Puisque ce billet s’intéresse aux acteurs, faute de films intéressants, disons deux mots de Kad Merad dans le Superstar de Giannoli, actuellement en salles. En deux mots : un homme normal devient un beau jour célèbre sans que personne ne soit capable d’expliquer pourquoi. L’homme de la rue, le quidam, le gentil beauf, Kad Merad sait faire. On a pu s’en rendre compte dans le larmoyant Je Vais bien ne t’en fais pas. Ici, il porte le pull jacquard et la mine défaite avec une aisance digne des plus grands de l’Actor’s Studio. Blague à part, son jeu se résume à un air constamment ahuri qu’il cesse d’arborer pour piquer une ou deux crises à force de ne pas trouver la clé de ce cauchemar kafkaïen.

Giannoli a choisi de traiter son sujet comme un thriller noir, absurde et (qui se voudrait) grinçant. Le propos est pourtant convenu, caricatural (le bas peuple fait les stars sur internet, l’aristocratie des médias monte la sauce pour faire du fric) voire carrément embarrassant (que penser du rapprochement entre le bas peuple gueulard et les débiles légers ?).

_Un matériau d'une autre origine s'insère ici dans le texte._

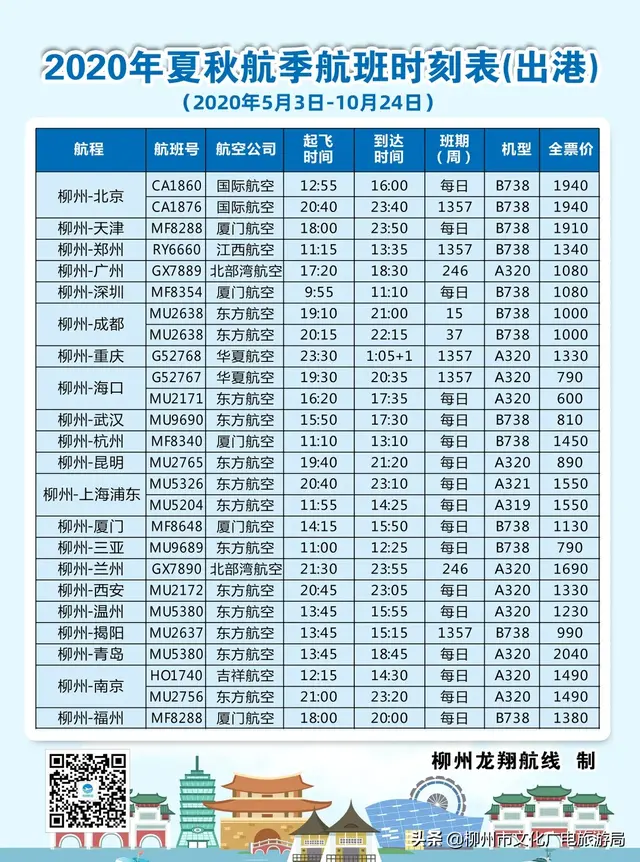 【资讯】柳州2020年夏秋航季航班时刻表出炉，都给我安排上！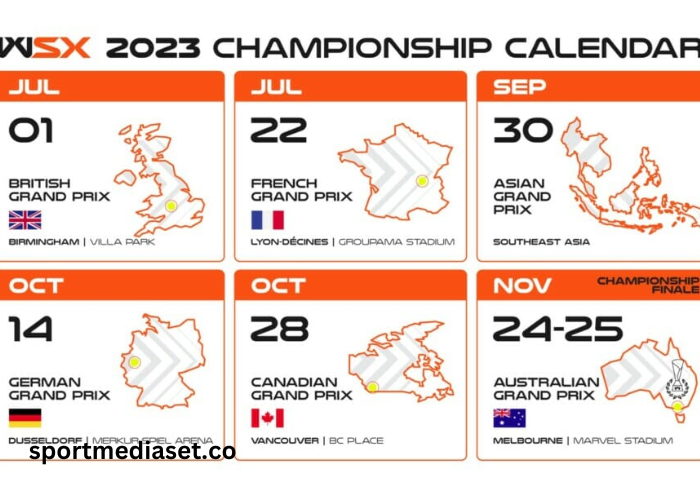 World Supercross Tv Schedule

Kad Merad se demande à longueur de film « Pourquoi ? ». Et on se prend à rêver d’un Quentin Dupieux aux manettes qui aurait assumé avec jubilation une réponse simple : « No reason », plutôt que de chercher à faire le portrait d’une époque dont il n’a pas grand chose à dire à part quelques banalités de café du commerce.

Zac Efron dans At Any price de Ramin Bahrani


Hiiiiiiii....Zac Efrooooooooon !

Après avoir fricoté avec Nicole Kidman dans Paperboy (présenté à Cannes), le minet Zac Efron, enfant star de la saga High School Musical, s’offre dans At any price Heather Graham (dans un silo à grain, s’il vous plaît) et poursuit son apprentissage des choses de la vie avec des femmes d’expérience.

On attendait pas mal du nouveau film de Ramin Barhani, auteur du très remarqué Chop Shop. Las, nous avions encore une fois rendez-vous avec Lady Deception. Cette histoire de fils d’agriculteur partagé entre ses rêves de course automobile et la reprise de l’affaire familiale, filmée à peu près aussi platement qu’un téléfilm M6 ne suscitera jamais le début d’esquisse de la moindre curiosité. Au final, on ne vous spoilera pas grand chose en révélant que le giron de la famille sort encore une fois grand vainqueur de cette chronique campagnarde.

Zac Efron fait ce qu’il peut pour donner de l’épaisseur (musculaire plus que psychologique) à ces tourments d’adolescents, mais il vaut essentiellement pour sa plastique d’apprenti gigolo. A ses côtés, Dennis Quaid, un autre revenant des 90’s, interprète son père et réussit à paraître encore plus crispé que Shannon dans The Iceman. Plutôt crédible au début en bras de chemise à carreaux, il finit par être si paralysé par ses grimaces affligées qu’on aurait tout aussi bien pu se perdre dans la contemplation d’un arrêt sur image.

Bref, on espère oublier très vite cette belle brochette de cancres pour vous raconter des choses un peu plus excitantes demain. Arrivederci.